Burning questions: How will TFC approach this final stretch?


Sebastian Giovinco. (Nathan Denette/CP)

Some burning questions came to my mind after Toronto FC’s 4-0 win over the San Jose Earthquakes this past weekend and as the Major League Soccer season enters the final stretch…

How will Toronto approach these final six games?

The win over San Jose, coupled with the Montreal Impact’s road loss to the New England Revolution later that same night, meant the Reds became the first team to clinch a playoff berth – and they did it with six games to spare.

Sitting atop the overall league standings with a comfortable nine-point lead over New York City FC, TFC is a virtual lock to win the Supporters’ Shield trophy, awarded to the first-place team during the regular season. Winning the Shield also comes with the added bonus of securing home-field advantage throughout the playoffs, including the MLS Cup final.

There’s also the small matter of Toronto trying to break the record for the most points in a single MLS season held by the 1998 L.A. Galaxy (68 points). With 59 points in the bank and 18 points on the table, the Reds look a sure bet to beat L.A.’s long-standing mark.

Winning the Shield and breaking the record are important goals, but they’re not the only things foremost on Greg Vanney’s mind. TFC’s coach will use these final six games to give valuable minutes to bench players and guys who haven’t seen much playing time this year.

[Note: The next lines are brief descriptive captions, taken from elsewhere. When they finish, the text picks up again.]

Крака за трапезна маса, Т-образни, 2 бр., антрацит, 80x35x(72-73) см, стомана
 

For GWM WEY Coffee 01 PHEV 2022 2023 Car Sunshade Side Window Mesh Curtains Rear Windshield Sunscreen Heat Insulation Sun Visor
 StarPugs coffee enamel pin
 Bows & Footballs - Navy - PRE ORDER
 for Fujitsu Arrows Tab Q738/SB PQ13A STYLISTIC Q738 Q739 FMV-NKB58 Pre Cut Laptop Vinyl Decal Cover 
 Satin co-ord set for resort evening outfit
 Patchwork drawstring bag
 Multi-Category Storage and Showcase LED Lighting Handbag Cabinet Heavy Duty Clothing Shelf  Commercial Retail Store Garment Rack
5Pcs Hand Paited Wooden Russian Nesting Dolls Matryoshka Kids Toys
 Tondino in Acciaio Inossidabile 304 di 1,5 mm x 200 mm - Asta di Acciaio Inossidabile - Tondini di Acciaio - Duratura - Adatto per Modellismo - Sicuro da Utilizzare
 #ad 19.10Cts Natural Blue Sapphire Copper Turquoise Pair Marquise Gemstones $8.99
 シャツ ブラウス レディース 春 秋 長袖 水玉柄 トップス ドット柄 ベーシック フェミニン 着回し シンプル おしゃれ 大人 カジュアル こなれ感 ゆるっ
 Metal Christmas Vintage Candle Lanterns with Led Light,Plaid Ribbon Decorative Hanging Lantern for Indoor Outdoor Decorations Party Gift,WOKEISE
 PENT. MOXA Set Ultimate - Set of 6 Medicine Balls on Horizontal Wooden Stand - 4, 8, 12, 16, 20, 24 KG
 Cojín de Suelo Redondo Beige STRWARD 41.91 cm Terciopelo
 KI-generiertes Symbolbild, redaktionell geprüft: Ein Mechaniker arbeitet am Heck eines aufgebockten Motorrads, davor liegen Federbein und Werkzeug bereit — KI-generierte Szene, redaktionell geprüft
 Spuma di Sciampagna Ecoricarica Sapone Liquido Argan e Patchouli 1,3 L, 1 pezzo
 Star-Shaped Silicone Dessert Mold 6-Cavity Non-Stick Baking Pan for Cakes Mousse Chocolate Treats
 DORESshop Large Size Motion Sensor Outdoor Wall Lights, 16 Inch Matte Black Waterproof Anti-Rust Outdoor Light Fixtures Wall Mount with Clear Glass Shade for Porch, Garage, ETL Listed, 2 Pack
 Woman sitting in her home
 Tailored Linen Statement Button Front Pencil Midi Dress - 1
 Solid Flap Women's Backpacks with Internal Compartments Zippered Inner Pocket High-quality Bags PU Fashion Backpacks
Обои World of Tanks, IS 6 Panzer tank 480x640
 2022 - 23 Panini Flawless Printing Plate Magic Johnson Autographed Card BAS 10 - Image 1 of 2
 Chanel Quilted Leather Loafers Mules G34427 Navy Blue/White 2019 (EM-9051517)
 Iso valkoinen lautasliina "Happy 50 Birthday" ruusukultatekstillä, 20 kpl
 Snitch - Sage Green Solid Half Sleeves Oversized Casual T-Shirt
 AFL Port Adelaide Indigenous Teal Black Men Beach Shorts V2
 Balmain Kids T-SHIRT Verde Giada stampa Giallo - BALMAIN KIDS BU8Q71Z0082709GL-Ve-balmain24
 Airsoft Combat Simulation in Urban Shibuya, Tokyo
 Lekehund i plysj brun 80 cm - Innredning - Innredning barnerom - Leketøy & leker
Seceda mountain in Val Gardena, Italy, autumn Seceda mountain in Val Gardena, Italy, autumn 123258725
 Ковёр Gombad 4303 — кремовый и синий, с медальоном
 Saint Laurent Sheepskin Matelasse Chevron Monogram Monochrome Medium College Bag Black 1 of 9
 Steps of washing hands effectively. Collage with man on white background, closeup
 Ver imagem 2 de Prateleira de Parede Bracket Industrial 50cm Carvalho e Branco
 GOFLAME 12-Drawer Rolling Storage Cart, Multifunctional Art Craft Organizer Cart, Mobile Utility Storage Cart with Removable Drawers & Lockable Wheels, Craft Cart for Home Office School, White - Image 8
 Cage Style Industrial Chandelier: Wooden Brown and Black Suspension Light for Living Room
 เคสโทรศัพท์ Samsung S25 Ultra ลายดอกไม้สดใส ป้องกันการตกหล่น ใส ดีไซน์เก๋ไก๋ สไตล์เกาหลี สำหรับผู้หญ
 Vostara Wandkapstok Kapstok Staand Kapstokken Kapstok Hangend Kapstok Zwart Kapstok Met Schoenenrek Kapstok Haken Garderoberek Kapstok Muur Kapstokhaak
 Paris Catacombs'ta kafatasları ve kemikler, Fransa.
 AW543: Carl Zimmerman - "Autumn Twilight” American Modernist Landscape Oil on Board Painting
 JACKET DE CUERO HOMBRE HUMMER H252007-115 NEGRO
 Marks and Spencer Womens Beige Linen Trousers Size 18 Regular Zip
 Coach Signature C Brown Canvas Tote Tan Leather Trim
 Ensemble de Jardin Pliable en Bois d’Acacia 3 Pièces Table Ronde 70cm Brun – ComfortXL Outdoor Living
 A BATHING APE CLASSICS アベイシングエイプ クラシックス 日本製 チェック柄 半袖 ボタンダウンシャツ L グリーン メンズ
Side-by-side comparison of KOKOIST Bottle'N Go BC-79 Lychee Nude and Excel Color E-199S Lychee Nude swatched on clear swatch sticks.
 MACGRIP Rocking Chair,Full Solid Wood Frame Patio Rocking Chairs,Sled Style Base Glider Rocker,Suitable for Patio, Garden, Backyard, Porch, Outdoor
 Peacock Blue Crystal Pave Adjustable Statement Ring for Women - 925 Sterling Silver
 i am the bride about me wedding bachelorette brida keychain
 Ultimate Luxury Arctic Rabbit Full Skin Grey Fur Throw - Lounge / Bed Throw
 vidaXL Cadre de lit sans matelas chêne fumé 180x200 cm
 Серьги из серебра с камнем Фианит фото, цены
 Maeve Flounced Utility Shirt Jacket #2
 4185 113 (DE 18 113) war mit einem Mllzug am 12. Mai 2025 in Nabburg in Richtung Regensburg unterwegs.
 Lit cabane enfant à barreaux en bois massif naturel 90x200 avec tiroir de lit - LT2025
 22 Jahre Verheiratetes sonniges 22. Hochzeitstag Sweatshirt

Vanney wants all hands on deck once the regular season is over, so it behooves him to get players such as Jonathan Osorio, who was sensational in coming off the bench against San Jose, going now to better prepare the team for a deep playoff run – we saw in last year’s post-season how depth players such as Tosaint Ricketts and Benoit Cheyrou can play pivotal roles.

“I’ve tried to use different guys in substitution roles to try and keep getting guys out,” Vanney said after the San Jose match. “There’s games ahead that I’m looking at to try to make sure we keep guys sharp, get guys playing.”


Is breaking L.A.’s record more important than winning MLS Cup?

No, it’s not.

Setting the record would be something special, to be sure. It would allow TFC to enter the pantheon alongside the greatest teams in league history, and it’s something MLS fans would remember for decades.

Should the Reds eclipse L.A.’s mark but not win the MLS Cup, it wouldn’t mean this season would be a failure. Quite the contrary. Finishing in first place, and doing it in record fashion, and winning a second consecutive Canadian Championship would still be a remarkable achievement, and the campaign could rightly be deemed very successful. The success of Toronto’s campaign doesn’t hinge on whether it wins the league championship.

However, let’s not kid ourselves – winning the MLS Cup is the ultimate goal. That’s what matters the most. The Golden State Warriors are justly celebrated for their remarkable 73-win season in 2015-16, the single greatest NBA campaign on record. It’s something that Golden State should be proud about, but don’t think for one second that the loss in the NBA Finals to the Cleveland Cavaliers didn’t sting, and that Steph Curry and his cohorts wouldn’t have traded the record for a championship ring.

Who would TFC like to avoid in the playoffs?

Honestly, I can’t see the Reds fearing any potential Eastern Conference opponent with the way they’re playing. Riding a 10-game unbeaten run (seven wins), and with just one loss in their last 13 matches, TFC has firmly established themselves as the class of the league this season by a considerable distance. Nobody can touch them at the moment.

The Montreal Impact tend to play Toronto very tough whenever they meet, especially in the post-season – the Quebec outfit has won two of the three playoff meetings between the two sides. The New York Red Bulls can be a challenging proposition with their high-pressing style of play, especially at home where TFC has had very little success over the years.

However, it’s hard to imagine any of the teams in the East being able to get the better of Toronto over the course of a two-legged playoff series. A one-match playoff, like the MLS Cup final? Sure. Anything can happen over the course of 90 minutes – even a team as good as Toronto can have an off day. But two games? It’s not very likely.

That’s not to say TFC is unbeatable, because they’re not – although, they’ve done a very good job over the last two months of making people believe that. If nothing else, MLS is known for its parity, where any team can beat any other team on any given day, especially in the playoffs. But barring an unforeseen losing slump in the final weeks of the regular season, TFC will go into the playoffs fully confident that it can beat any opponent put before them.